Today marks the 92nd birthday of Egyptian actress and film producer Faten Hamama, known as The First Lady of Egyptian and Arabic Cinema.
Born on the 27th of May 1931, she made her screen debut in 1939 as a seven year old.
She got her first role after she won a children’s beauty pageant in Egypt, and that was one director Mohamed Karim saw her and thought she was suitable for a role of a young girl in A Happy Day with actor and musician Mohamed Abdel Wahab.
Hamama joined the High Institute of Acting in 1946, and during that same year she was offered a role by Youssef Wahbi in the movie Angel of Mercy.
Hamama played a significant role in the golden age of the Egyptian cinema in the 1950s.
In 1951, she starred in the movie Your Day will Come, which was nominated for the Prix International Award at the Cannes Film Festival.
In 1963, she participated in Hollywood’s crime film Cairo.
Her movies were a key role in the women’s rights movement in Egypt. For instance, her movie The Open Door shows the important role Egyptian women played in the Liberation of Egypt from colonization.
Her most significant film, I Want a Solution, criticised the marriage and divorce laws in Egypt, granting women the right to divorce their husbands.

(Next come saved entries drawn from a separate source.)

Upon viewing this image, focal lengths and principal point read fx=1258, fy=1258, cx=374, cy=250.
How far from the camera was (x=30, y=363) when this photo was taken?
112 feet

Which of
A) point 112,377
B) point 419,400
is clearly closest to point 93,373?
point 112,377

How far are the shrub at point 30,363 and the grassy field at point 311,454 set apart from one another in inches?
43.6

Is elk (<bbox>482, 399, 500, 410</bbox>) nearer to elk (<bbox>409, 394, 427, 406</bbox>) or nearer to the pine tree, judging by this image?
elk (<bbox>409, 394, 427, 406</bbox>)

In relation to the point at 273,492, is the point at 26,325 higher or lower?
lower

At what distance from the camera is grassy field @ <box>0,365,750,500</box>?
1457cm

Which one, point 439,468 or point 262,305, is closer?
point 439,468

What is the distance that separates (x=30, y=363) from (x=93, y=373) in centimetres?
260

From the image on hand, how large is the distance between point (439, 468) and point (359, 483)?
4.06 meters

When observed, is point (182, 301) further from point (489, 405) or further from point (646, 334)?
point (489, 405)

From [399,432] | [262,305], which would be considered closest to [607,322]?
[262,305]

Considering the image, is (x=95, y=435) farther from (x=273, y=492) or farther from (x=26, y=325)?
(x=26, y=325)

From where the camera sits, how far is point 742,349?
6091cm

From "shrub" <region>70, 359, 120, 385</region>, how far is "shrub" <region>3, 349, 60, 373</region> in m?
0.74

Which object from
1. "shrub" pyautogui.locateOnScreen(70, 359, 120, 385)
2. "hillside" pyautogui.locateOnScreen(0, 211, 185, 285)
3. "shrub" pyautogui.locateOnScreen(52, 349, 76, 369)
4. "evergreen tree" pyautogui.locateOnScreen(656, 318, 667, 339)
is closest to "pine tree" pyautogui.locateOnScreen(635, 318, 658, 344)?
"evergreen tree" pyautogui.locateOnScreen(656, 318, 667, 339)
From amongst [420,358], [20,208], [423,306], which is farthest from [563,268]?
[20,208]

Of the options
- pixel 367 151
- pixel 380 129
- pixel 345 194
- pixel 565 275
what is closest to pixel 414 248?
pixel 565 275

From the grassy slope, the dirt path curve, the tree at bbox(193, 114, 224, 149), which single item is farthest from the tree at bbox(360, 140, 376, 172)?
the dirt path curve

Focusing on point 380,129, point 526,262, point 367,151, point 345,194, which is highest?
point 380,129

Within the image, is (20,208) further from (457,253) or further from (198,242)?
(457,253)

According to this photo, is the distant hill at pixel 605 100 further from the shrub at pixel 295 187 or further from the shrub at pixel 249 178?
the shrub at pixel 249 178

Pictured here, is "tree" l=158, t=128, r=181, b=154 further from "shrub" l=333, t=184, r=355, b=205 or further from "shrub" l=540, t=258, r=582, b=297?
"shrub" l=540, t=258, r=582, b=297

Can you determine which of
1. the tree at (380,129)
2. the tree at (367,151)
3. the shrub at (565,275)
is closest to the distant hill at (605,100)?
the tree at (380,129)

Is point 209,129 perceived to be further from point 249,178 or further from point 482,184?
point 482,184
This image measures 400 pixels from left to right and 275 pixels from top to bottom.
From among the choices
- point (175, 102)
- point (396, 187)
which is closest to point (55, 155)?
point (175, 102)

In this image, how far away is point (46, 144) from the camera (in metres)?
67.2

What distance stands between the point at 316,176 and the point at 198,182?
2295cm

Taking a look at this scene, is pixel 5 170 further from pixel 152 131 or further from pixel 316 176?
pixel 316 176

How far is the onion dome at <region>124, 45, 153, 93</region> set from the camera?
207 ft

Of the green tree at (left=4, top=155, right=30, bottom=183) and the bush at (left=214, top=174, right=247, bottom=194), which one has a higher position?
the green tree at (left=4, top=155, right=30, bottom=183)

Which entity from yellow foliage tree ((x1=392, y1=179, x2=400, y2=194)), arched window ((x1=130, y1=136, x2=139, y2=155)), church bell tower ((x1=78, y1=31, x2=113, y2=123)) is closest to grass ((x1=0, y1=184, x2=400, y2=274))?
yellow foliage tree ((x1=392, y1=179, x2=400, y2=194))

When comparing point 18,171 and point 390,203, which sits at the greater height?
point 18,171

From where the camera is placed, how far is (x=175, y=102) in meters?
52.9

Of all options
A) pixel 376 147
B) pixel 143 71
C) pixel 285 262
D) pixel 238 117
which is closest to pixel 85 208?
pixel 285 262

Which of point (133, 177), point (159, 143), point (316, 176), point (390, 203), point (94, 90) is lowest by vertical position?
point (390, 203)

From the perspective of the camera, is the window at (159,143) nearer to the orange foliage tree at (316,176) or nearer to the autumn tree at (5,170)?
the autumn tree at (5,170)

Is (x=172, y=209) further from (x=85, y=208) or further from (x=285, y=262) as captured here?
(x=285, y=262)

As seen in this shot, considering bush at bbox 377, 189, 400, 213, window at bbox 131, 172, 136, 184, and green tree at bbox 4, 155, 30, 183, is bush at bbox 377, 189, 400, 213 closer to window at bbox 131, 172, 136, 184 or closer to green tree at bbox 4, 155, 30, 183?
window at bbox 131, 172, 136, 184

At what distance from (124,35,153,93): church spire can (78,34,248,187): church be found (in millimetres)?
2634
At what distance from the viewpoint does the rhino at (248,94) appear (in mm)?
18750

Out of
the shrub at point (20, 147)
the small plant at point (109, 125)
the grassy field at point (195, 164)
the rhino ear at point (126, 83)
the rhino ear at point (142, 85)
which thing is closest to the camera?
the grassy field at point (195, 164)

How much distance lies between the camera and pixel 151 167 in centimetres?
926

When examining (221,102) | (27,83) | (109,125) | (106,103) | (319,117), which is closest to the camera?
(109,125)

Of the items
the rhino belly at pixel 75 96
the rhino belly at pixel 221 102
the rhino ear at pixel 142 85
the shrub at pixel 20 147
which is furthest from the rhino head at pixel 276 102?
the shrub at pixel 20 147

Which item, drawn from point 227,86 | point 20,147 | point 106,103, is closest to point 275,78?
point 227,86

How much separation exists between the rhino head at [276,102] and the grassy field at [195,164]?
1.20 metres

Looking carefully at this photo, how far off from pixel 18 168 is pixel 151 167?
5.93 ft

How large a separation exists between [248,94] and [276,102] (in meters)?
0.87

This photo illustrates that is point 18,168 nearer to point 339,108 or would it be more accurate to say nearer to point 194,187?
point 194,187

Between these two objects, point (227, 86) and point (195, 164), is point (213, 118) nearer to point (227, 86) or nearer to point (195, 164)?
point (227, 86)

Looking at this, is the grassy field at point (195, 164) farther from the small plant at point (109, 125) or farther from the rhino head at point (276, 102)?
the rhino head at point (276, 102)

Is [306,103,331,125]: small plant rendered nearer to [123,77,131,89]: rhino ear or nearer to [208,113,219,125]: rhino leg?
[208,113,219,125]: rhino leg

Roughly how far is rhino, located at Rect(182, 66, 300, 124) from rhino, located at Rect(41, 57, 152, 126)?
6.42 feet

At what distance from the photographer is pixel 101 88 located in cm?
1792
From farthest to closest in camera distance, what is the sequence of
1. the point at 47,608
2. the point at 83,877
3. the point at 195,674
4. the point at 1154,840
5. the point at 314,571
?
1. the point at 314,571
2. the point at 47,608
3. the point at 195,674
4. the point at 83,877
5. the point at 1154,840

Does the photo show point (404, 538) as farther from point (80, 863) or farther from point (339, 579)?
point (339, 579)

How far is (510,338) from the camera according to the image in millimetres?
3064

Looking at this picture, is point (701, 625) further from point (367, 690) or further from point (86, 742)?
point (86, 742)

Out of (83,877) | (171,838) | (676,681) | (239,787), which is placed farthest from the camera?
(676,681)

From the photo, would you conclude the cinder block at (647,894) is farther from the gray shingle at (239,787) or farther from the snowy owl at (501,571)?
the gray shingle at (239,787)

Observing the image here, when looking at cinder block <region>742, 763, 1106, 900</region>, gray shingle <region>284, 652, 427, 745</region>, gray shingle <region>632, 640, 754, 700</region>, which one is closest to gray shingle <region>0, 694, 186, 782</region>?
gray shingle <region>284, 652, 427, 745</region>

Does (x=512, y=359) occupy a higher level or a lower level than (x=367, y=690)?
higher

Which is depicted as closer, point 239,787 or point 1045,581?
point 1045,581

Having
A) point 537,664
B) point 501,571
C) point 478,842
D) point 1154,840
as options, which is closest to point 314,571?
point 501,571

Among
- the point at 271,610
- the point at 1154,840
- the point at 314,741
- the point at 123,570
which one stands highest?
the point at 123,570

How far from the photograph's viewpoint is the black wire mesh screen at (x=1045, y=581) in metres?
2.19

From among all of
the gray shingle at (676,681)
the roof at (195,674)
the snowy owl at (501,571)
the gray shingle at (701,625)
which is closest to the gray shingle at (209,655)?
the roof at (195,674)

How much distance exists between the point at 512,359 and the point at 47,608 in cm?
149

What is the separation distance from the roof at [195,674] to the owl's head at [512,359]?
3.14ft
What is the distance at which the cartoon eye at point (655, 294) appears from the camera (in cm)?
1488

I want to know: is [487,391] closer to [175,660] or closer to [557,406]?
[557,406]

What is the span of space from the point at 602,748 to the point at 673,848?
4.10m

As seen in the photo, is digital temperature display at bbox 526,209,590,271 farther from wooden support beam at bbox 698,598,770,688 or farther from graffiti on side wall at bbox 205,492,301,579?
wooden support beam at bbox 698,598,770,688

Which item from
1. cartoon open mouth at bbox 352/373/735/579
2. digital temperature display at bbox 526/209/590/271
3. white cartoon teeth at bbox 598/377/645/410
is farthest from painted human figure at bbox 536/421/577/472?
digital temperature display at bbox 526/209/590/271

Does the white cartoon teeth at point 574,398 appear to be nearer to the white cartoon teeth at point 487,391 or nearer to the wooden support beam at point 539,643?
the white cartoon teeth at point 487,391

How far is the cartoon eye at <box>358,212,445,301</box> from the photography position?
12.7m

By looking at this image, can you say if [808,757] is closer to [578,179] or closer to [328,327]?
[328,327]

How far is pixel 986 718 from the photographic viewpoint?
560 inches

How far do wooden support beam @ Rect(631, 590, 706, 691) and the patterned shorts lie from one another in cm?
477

The movie The Nightingale’s Prayer depicts the struggle of Egyptian women in the countryside and the inequality they face with what is called “honour killing”
She also starred in an Egyptian adaptation of Tolstoy’s Anna Karenina which was called The River of Love with her then husband Omar Sharif.
Hamama passed away on the 17th of January 2015, leaving behind a legacy that will be remembered forever.